The statement came shortly after Pompeo said he had made progress “on almost all of the central issues” in the talks, including on setting a timeline for its denuclearisation, though more work remained to be done.
Pompeo said the two sides agreed to hold discussions on July 12 on the repatriation of remains of Americans killed in the 1950-53 Korean War, and also discussed “modalities” for the destruction of a missile engine testing facility.
As he departed Pyongyang, Pompeo said he spent “a good deal of time” discussing a denuclearisation timeline and the declaration of North Korea’s nuclear and missile facilities.
“I think we made progress in every element of our discussions,” he added. “These are complicated issues but we made progress on almost all of the central issues. Some places a great deal of progress, other places there’s still more work to be done,” he said.
Sarah Clarke, reporting from South Korea’s capital, Seoul, said that North Korea appeared to be unhappy following the high-level talks.
“Particularly, they have suggested that they are disappointed by the US insistence on focusing on the denuclearisation plans over what they described as big-picture issues,” she said.
“It’s certainly a setback and a change of heart and a very different picture coming from the North Korean side.”
US Department of State spokeswoman Heather Nauert said Pompeo did not meet Kim, as he had done on his two previous visits to North Korea this year, but handed over a letter to him from Trump.

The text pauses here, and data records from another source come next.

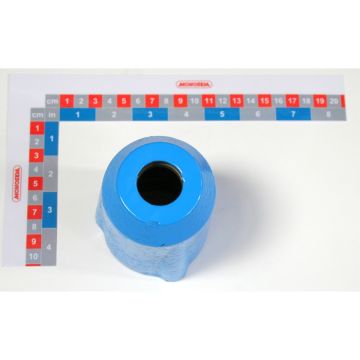 Moyeu de disque rayonneur c180 ptb, 41029490, RIBOULEAU MONOSEM, pièce origine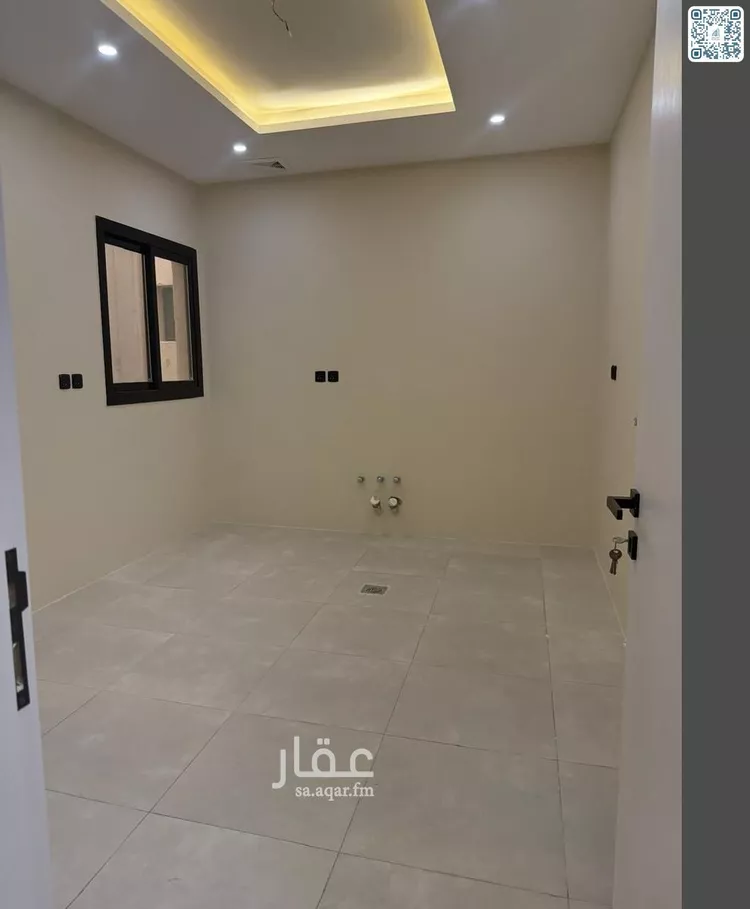 شقة للإيجار في شارع العضيلية, حي أم حبلين الغربية, مدينة جدة, منطقة مكة المكرمة 9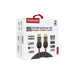 PROMATE 15m Ultra-High Definition (UHD) 2.0 HDMI Cable. Supports 4K@60Hz (4096x2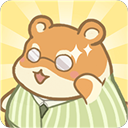 动物钱庄v1.0.3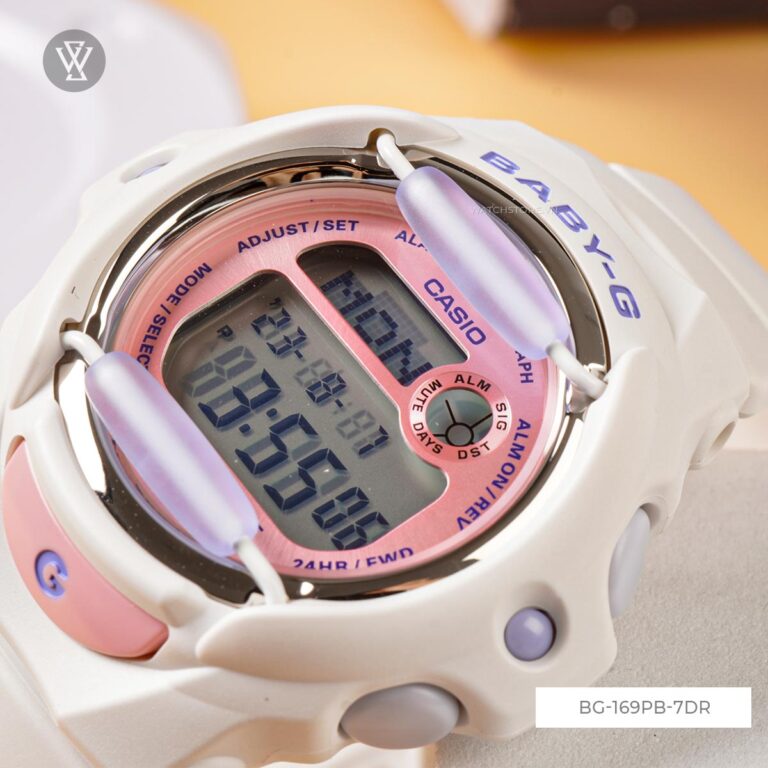 Bg 169pb 7dr 4 1712662246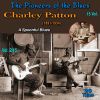 Download track A Spoonful Blues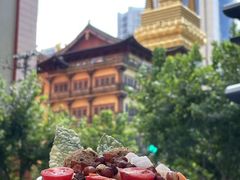 -人民广场-地下停车场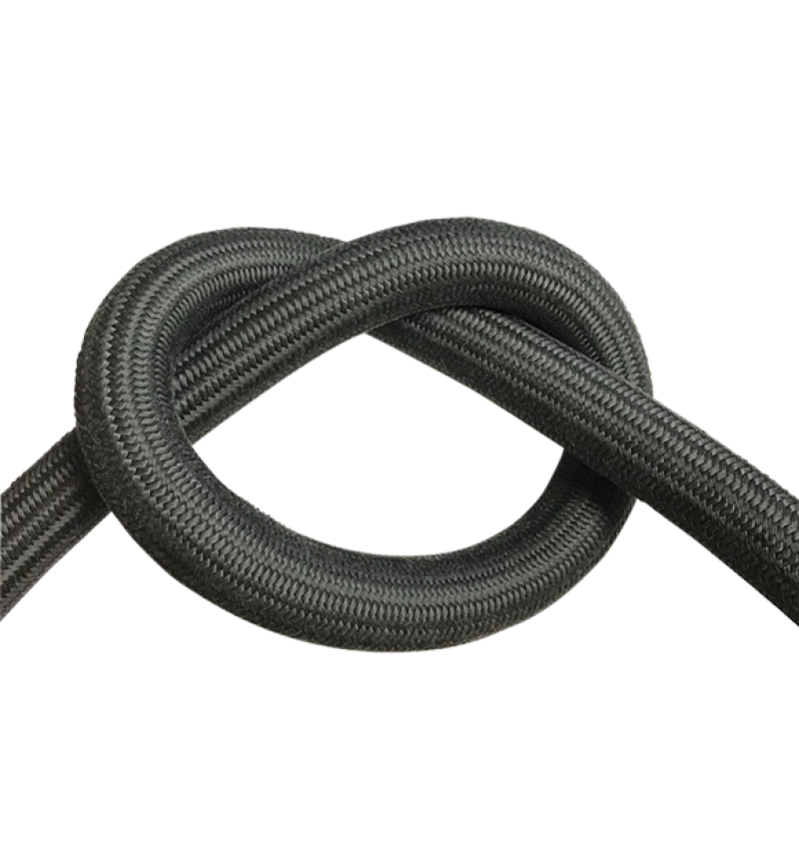 FRAGOLA FRG2710306 #6 Race-Rite Pro Hose 3Ft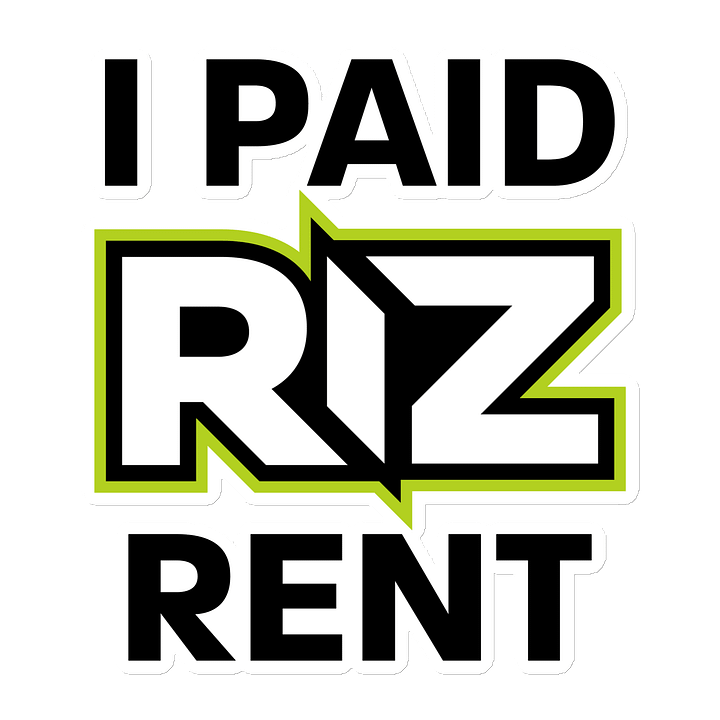 Don't Do It product image (1)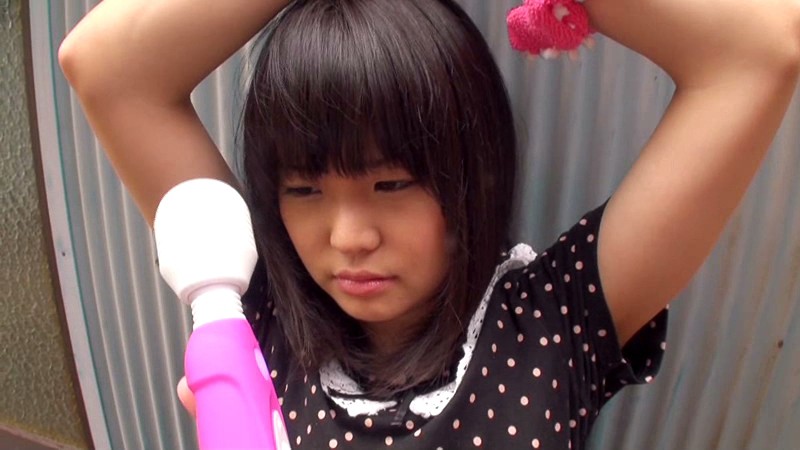 VAL-002 第 11 部分 - 80 分钟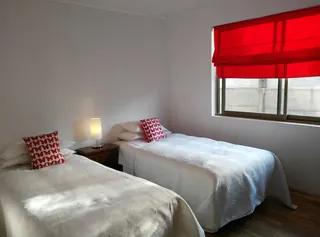 Umawtu Bed & Wine image 5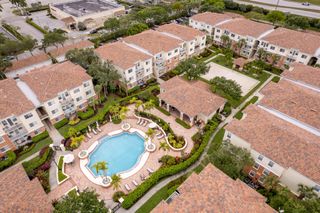 9857 Baywinds Drive 9108, West Palm Beach, FL 33411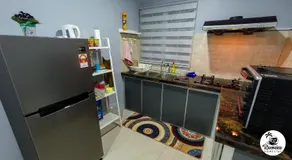 RIVERVIEW HOMESTAY PERLIS - Image 2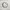 https://res.cloudinary.com/billionhands/image/upload/v1781273258/items/yzy811i3bn2zcbw035yw.jpg-2cover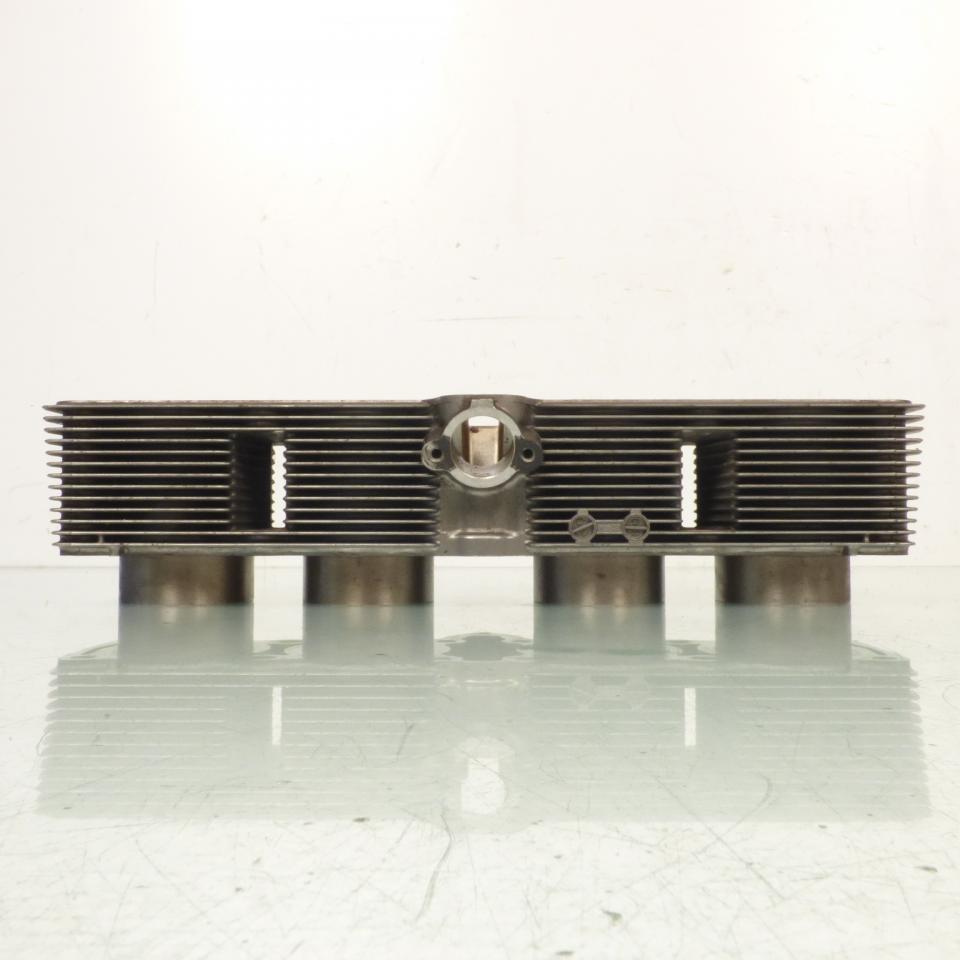 Cylindre piston origine pour moto Suzuki 600 Bandit 2000 à 2004 Ø62.5mm Occasion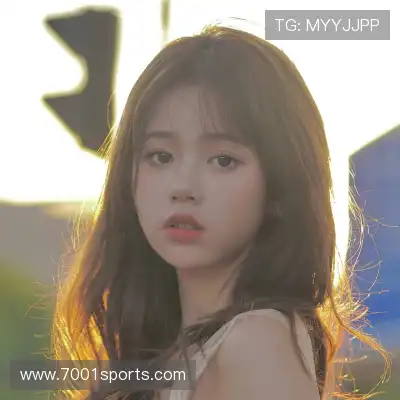 段迅煦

A letter from Kim to Trump was also delivered to Pompeo through Kim Yong-chol, a top North Korean party official.
“Clearly, we see some posturing particularly from the North Korean side using the leverage that they have, especially in the lead-up to Trump’s visit to NATO and his big summit with [Russian President] Vladimir Putin in the coming week,” said Hilary Mann Leverett, a former White House official.
“The North Koreans … understand that President Trump needs a win; he needs to have a good story coming out of his high-risk diplomacy with North Korea going into his delicate and maybe-highly charged negotiations with the Europeans and the Russians next week,” she added.
Trump had said during the Singapore summit that economic sanctions would remain in effect until North Korea reverses its nuclear programme, adding that there were no short-term plans to reduce the number of US troops – some 28,500 – stationed in South Korea.